Mal agüero. Se acaban de conocer y no necesitan contarse nada. Elvira es una conocida artista que actuó en las más importantes ciudades de Europa, entre ellas Venecia, donde cruzó uno de los canales a la luz de las antorchas y con el sonido de una gran orquesta.


El teniente le pregunta a su amada si tienen derecho a ser tan felices, si se puede ser tan feliz:


-¿Nos está permitido tener esto? Algún día podremos escoger nuestra forma de vida. Más de una. Cuando la gente admita que uno cambia.


Piensa el teniente que se han adelantado a su tiempo, pero está equivocado, pues todos los amantes lo están en cualquier tiempo, pues el tiempo convencional no influye en ellos. 


La pareja vagabundea por en medio de un paisaje acorde con la belleza de su amor: lagos, ríos, dunas, el mar. «El amor no es tomar los ojos de otra persona para experimentar el mundo como el ser amado lo ve y lo siente ¿No es eso el amor?». Sixten es el más teórico, a Elvira le sobran las teorías, sabe que con amor no se puede «untar el pan». Pero cuando la pasión ha prendido en los cuerpos es ya demasiado tarde para recomponer lo roto. Y si este amor es perseguido y castigado solo hay un camino para mantenerlo incólume. 

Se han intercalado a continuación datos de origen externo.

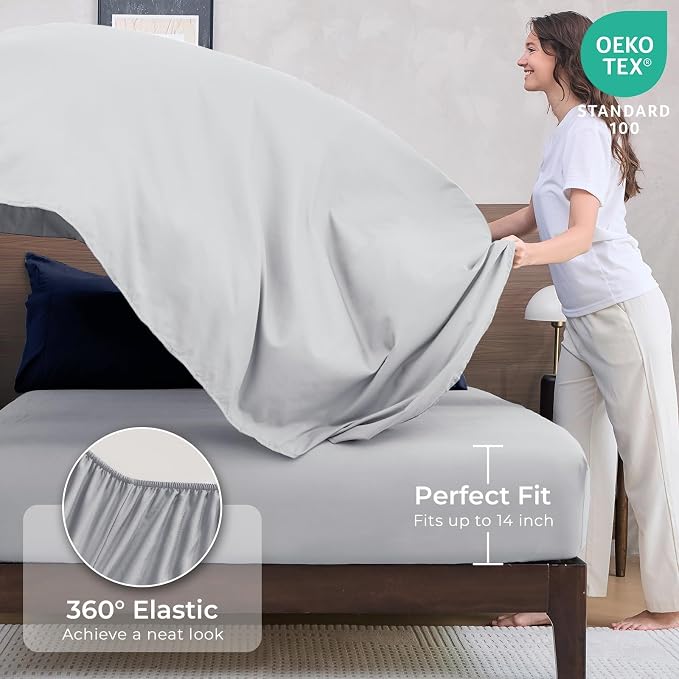 HEVUMYI Twin-XL Comforter Set - Image 5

El teniente reúne pan, huevos, mantequilla y envuelve su pistola en la servilleta. Lo coloca y dispone todo acorde en la cesta de mimbre que los acompaña. Elvira no sabe nada pero lo presiente todo. Caminan, se cruzan con niños jugando en el campo. 


Ella desfallece y se sientan a comer. Él coge la pistola y le dice a la muchacha que no puede hacerlo, pero Elvira (que como he dicho antes es la más fuerte de ambos) le conmina a que lo haga, pues no tienen otra alternativa para salvar su amor. Él duda. Ella se pone a perseguir mariposas. 

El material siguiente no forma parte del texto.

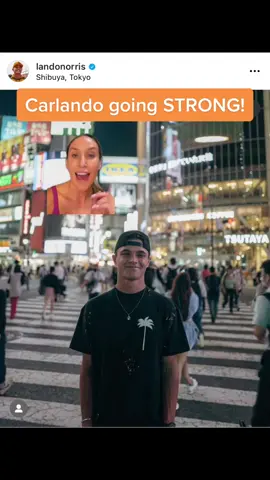 Lando becoming a thirst trap photographer wasnt on my bingo card #landonorrisfangirl #carlossainzfangirls #carlandoforever #shelovesf1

Entonces suena un tiro e, inmediatamente después, otro. El deseo, la pasión es un instante sin escapatoria. ¿Quién no hubiera huido con Elvira Madigan? Crear alas, alimentar alas, nunca cortarlas. ¡Qué mejor morir contemplando semejante rostro angelical! Helena no murió en Troya, Helena sigue viviendo en cada generación y en cada uno de nosotros. 

Por tanto, con permiso de Homero, «no es extraño que aún los hombres / del siglo XXI / por una mujer tal sigan padeciendo / duraderos dolores».